Between now and the end of the season, we’ll be using this space to highlight those managers who could well lose their jobs if results aren’t improved over the next few weeks.
While a few clubs could still pull the trigger on their current gaffers, it’s unlikely that any big names will be called out into the yard until next month, and they’re the ones we want to focus on.
Over the next five slides, we’ll examine those managers most likely to be cut loose if the wins don’t pile up before the middle of May.
5. Clarence Seedorf, AC Milan
It was less than a month ago that Corriere dello Sport (via Football Italia) reported Clarence Seedorf had been handed a Europa League ultimatum.
AC Milan have hardly improved since the Dutchman took over at the San Siro in January, and with seven rounds to play, they sit 11th in Serie A—five points back of their Europa League target.
It’s been a difficult, even embarrassing season for the Rossoneri, and a summer of upheaval is expected at the seven-time European champions.
The question club owner Silvio Berlusconi has to answer is whether or not he wants Seedorf in charge when the changes take place.
4. David Moyes, Manchester United
That a section of Manchester United supporters would like to see David Moyes ushered out of the club was made obvious when a plane flying a banner reading “Wrong one – Moyes out” was flown over Old Trafford during a recent match against Aston Villa.
The stunt was met with boos inside the ground, however, and a subsequent 1-1 draw with Bayern Munich seems to have strengthened Moyes’ position even further.
However, the United boss remains a flashpoint of contention.
Between now and the summer, the board will have to decide whether or not to entrust a sizable transfer kitty to a manager who as recently as last week was reported to be facing a player revolt, according to ESPN FC.

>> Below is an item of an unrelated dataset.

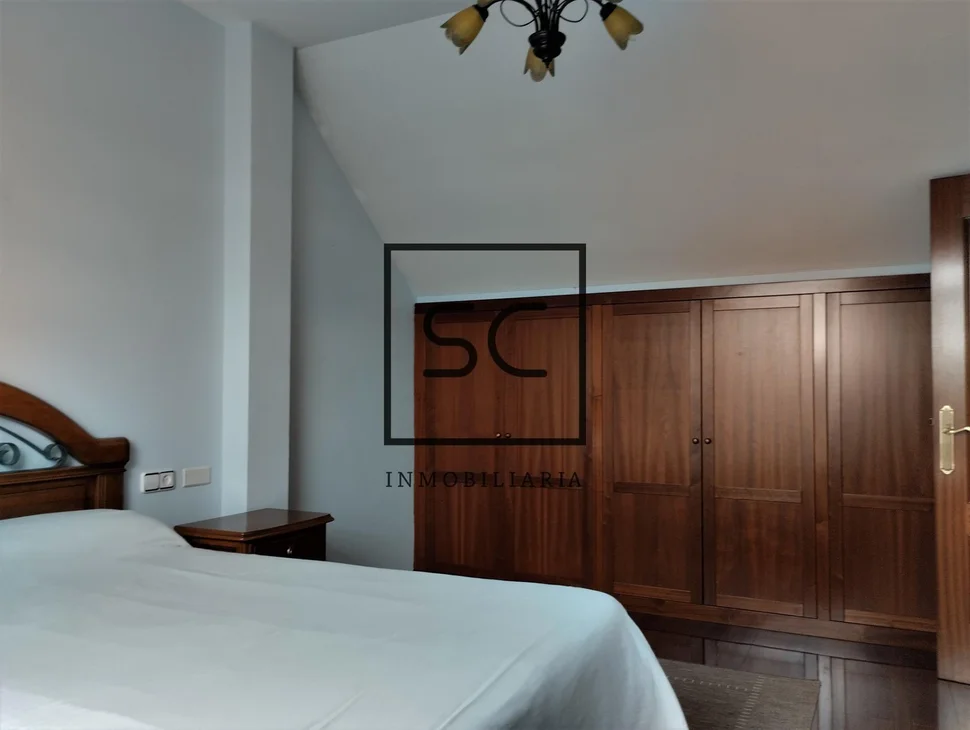 Chalet con jardín en nós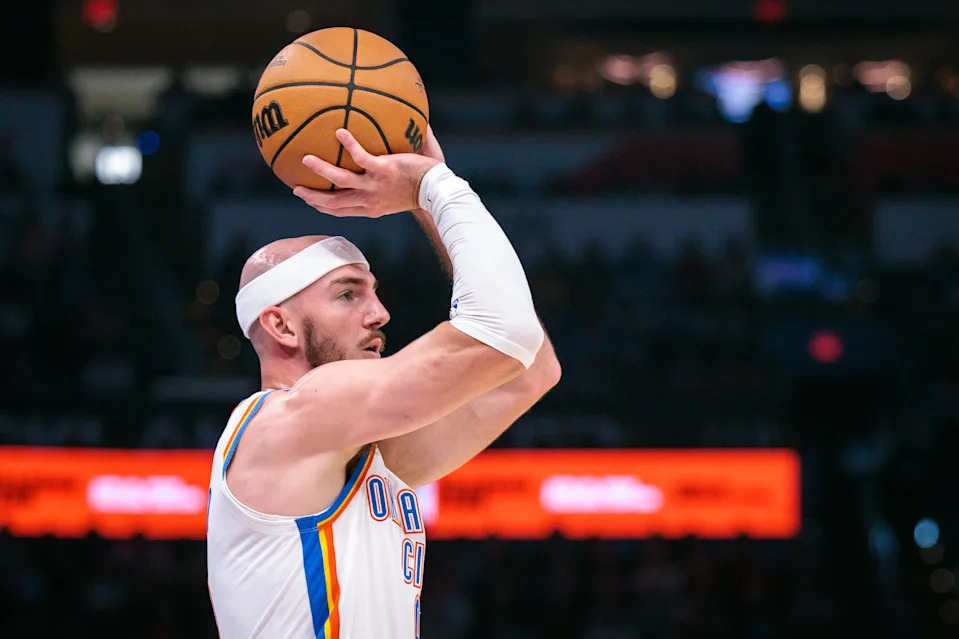 OKLAHOMA CITY, OKLAHOMA - DECEMBER 25: Alex Caruso #9 of the Oklahoma City Thunder shoots the ball during the first half against the San Antonio Spurs at Paycom Center on December 25, 2025 in Oklahoma City, Oklahoma. NOTE TO USER: User expressly acknowledges and agrees that, by downloading and or using this photograph, User is consenting to the terms and conditions of the Getty Images License Agreement. (Photo by William Purnell/Getty Images)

3. Walter Mazzarri, Inter Milan
Like Seedorf, Inter Milan manager Walter Mazzarri faces a "no Europe, no job" scenario at the San Siro, according to both Gazzetta dello Sport and Corriere dello Sport (via Football Italia).
Monday’s draw away to relegation-threatened Livorno left the struggling Nerazzurri just three points above seventh-place Atalanta and outside of the European places.
In fact, since the schedule resumed following the winter break, they’ve won just three of 14 matches.
Mazzarri’s Inter simply can’t find the back of the net. Since December 15, they’ve scored more than a single goal in a match on just three occasions.
2. Juan Antonio Pizzi, Valencia
There were high hopes for Miroslav Dukic when the Serb replaced Ernesto Valverde as Valencia manager last June.
However, the 48-year-old lasted only six months at the Mestalla before being sacked, and his own replacement—Juan Antonio Pizzi—hasn’t done much better.
Los Che have won just five La Liga matches in 2014, and while the Europa League has served as a bit of reprieve for the Spanish giants, they’re unlikely to return to European football next season given their eighth-place position in the table.
1. Tim Sherwood, Tottenham Hotspur
Former Netherlands international Ruud Gullit has told BBC Radio 5 live that Louis Van Gaal’s move to Tottenham Hotspur is a “done deal,” according to ESPN FC, and nothing from the Premier League outfit’s recent performances would seem to suggest they won’t be looking to change managers in the spring.
Current boss Tim Sherwood has rankled fans and observers with his heart-on-the-sleeve approach, and his team selections often leave the impression he picked the names out of a hat.
The 45-year-old, who had no experience in first-team management when he replaced Andre Villas-Boas in October, almost certainly won’t be back next season.
A strong run to finish the schedule would give club chairman Daniel Levy pause for thought, though.